Security Researchers Remotely Hijack Jeep Steering, Brakes Using UCconnect Vulnerability
One of the biggest concerns revolving around ever-improving vehicle technologies is the risk of their security being breached and an exploiter causing something bad to happen. After all, our vehicles are now kitted out with computers - they are computers - and whether we're talking about the desktop, mobile, or enterprise, we see computers get breached a lot.
Well, if you've tried to convince yourself that the computers in our vehicles are more bulletproof than those used elsewhere, you're about to have a rude awakening.
Tapping into and controlling the remote vehicle
Over at Wired, a proof-of-concept has been exhibited using a Jeep Cherokee. The writer, driving some 70 MPH in downtown St. Louis, had to battle various vehicular maladies at random. Simply reading the tale is enough to tighten up a little bit:
"Though I hadn’t touched the dashboard, the vents in the Jeep Cherokee started blasting cold air at the maximum setting, chilling the sweat on my back through the in-seat climate control system. Next the radio switched to the local hip hop station and began blaring Skee-lo at full volume. I spun the control knob left and hit the power button, to no avail. Then the windshield wipers turned on, and wiper fluid blurred the glass."

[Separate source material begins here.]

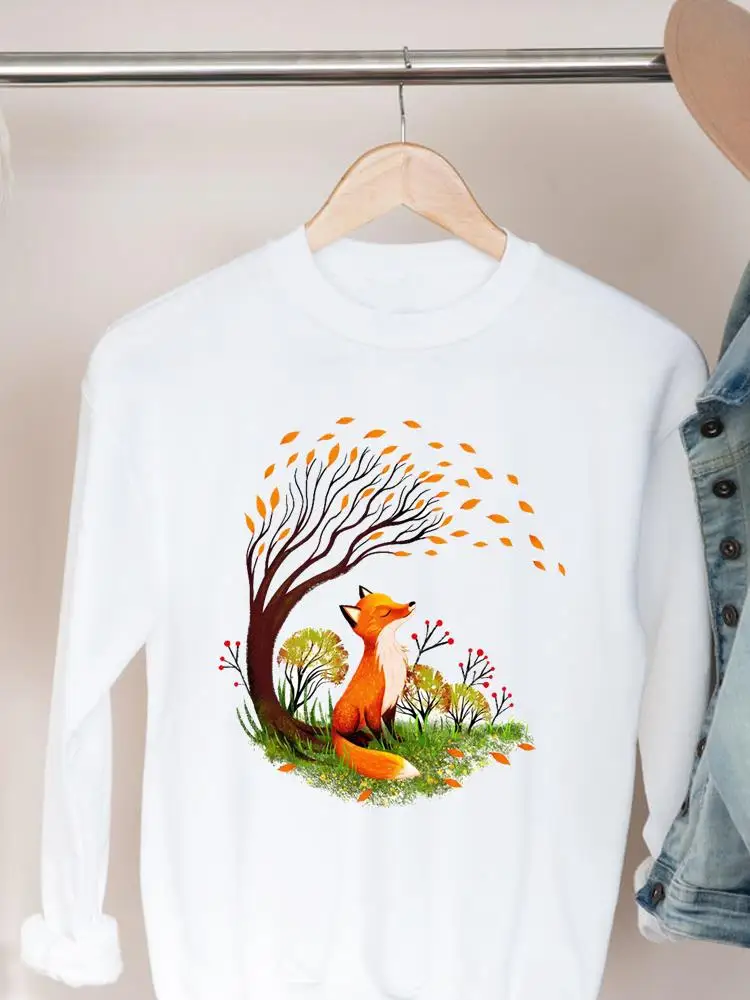 

Повседневная одежда, модные акварельные милые пуловеры с мультяшным принтом животных для женщин, женские свитшоты с графическим принтом на...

Oy. It's probably obvious that this test wasn't random; the writer was a guinea pig so that he could learn first-hand what could happen. This wasn't sanctioned by Jeep; this is security research with real working code. And that's beyond scary.

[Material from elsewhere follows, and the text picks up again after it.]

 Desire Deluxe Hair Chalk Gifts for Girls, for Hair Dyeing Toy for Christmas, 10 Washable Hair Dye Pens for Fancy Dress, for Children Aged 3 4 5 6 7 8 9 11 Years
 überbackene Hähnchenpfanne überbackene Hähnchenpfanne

During the test, along a highway without a shoulder, the remote hackers pulled a trick that would have stressed almost anyone out: they cut the transmission. This caused the driver to be stuck in traffic, and hold up traffic, which included an impatient 18-wheeler. That's when an experiment like this ceases to be fun.
The test vehicle after its brakes were remotely disabled
The most frightening thing about this series of attacks is that they were entirely done wirelessly. With the proper set of tools and an IP address, someone can literally overtake your vehicle and ultimately cause something a lot worse than cranking your music volume.
The hacker duo is planning to unveil some of their findings at the Black Hat conference in Las Vegas next month. There are already regulations being worked on to help improve vehicle security, but it's admittedly disappointing that this kind of exploitation is possible right now with a vehicle that's already on the market.
Maybe there's some value in sticking with an older vehicle?